Mas foi em Lima, no Peru, que conheceu um trabalho que o fez ter nova
visão sobre o teatro: foi a peça O Imperador Jones, de Eugene O’Neill. Era
uma montagem do Teatro del Pueblo, dirigido por Léonidas Barletta. O que
causou profundo desconforto em Abdias foi que o papel principal- um ex-
cabineiro de trem que foge da prisão- era negro. Mas foi representado por um
ator branco, pintado de negro.
Está aí porque eu nunca pude atuar em teatro, por que eu nunca vi ator negro,
porque eu nunca vi uma peça só para negros, nunca via cultura negra representada
no palco: é porque os brancos não deixam. Num país em que havia negros também,
o Peru, uma peça que era para ter ator negro, sendo feita por branco. Aquela
circunstancia me deixou abismado, pensativo, concentrado, em ebulição. Foi como
uma sensação de surpresa, mas com um impacto diferente. Senti minha alma
agitada, de tal maneira, como se eu tivesse encontrado alguma coisa que há muito
procurava, sem saber bem o que era, mas de grande importância. (ibidem, 108)

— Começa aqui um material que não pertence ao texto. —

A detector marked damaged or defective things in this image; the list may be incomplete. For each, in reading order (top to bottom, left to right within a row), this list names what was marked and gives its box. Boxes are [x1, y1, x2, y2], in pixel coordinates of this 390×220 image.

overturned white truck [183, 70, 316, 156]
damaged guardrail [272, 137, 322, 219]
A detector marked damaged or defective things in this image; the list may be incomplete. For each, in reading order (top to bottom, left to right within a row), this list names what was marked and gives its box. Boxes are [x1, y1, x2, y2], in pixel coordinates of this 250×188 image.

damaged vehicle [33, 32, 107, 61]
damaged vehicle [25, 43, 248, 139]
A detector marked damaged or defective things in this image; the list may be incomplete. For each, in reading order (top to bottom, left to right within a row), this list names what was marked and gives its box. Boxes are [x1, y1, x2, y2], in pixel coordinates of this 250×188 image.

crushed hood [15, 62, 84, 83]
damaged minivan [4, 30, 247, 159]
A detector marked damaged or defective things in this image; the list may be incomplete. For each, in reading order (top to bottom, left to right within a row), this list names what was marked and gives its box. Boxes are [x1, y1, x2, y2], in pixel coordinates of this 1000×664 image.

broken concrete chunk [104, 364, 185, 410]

Foi com o Teatro Del Pueblo, enquanto esteve em Buenos Aires, que
aprendeu teatro- “era uma espécie de escola livre de teatro”, ele afirmou,
“Todas as peças, logo depois dos espetáculos, eram discutidas com a plateia.
Discutiam-se o texto, a direção, a interpretação, o cenário e o vestuário (grifo
nosso). Tudo era objeto de discussão, de reflexão e de crítica”. (ibidem, 110)

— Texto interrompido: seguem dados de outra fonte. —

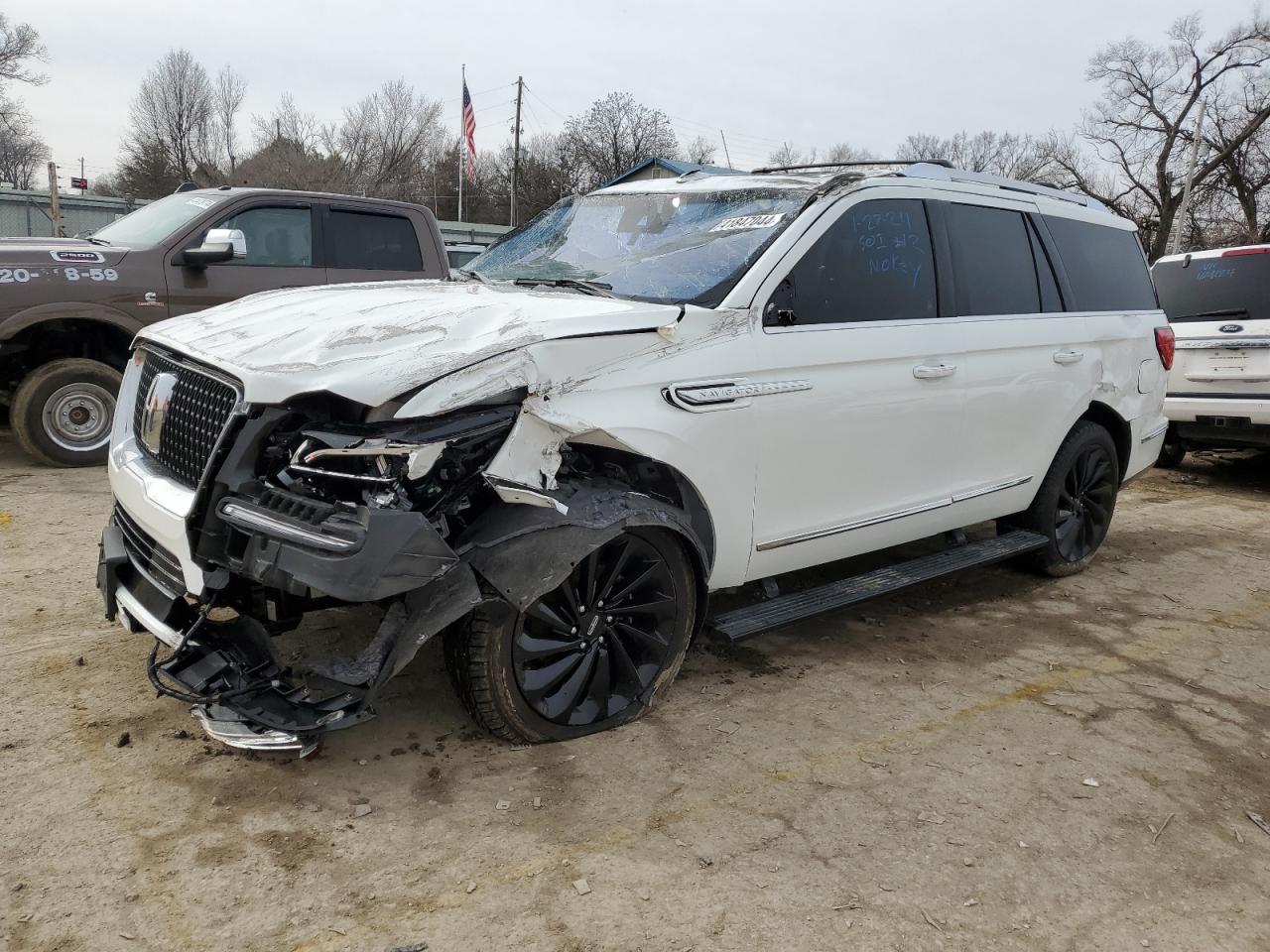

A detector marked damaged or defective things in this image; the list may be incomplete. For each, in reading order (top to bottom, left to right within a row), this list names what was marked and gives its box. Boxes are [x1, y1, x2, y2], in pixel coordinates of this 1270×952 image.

crumpled hood [139, 279, 686, 406]
damaged front end [101, 383, 705, 756]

Abdias voltou ao Brasil em 1943 e já foi parar mais uma vez na cadeia,
desta vez não por confusão ou racismo. Sofreu um processo por parte do
Exército Brasileiro, que o acusara, julgara e condenara à revelia por
indisciplina. Foi enviado à Penitenciária do Estado, local em que encontrou
apoio de um diretor humanista recém-empossado: era o Dr. Flamínio Fávero.
Fundou um grupo de teatro que batizou de Teatro do Sentenciado e produziu
com eles três espetáculos.
Até a presente data só foi encontrado material fotográfico de Revista
Penitenciária, de Messias Nogueira Santos, um preso advogado que satirizava
o próprio presídio. Eles construíram o palco e fizeram o vestuário, como
Nascimento gostava de dizer. “Éramos só homens e fazíamos as vestimentas
de mulheres, tinha até uma Carmem Miranda, que também fazia um Lampião.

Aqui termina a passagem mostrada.